[SUPPLIED MATERIAL]
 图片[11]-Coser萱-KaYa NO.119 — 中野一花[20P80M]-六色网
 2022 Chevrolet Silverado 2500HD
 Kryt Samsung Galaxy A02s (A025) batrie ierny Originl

[TASK DIRECTIONS]
A faithful copy of all the material is the required answer.

[WRITTEN ANSWER]
 图片[11]-Coser萱-KaYa NO.119 — 中野一花[20P80M]-六色网
 2022 Chevrolet Silverado 2500HD
 Kryt Samsung Galaxy A02s (A025) batrie ierny Originl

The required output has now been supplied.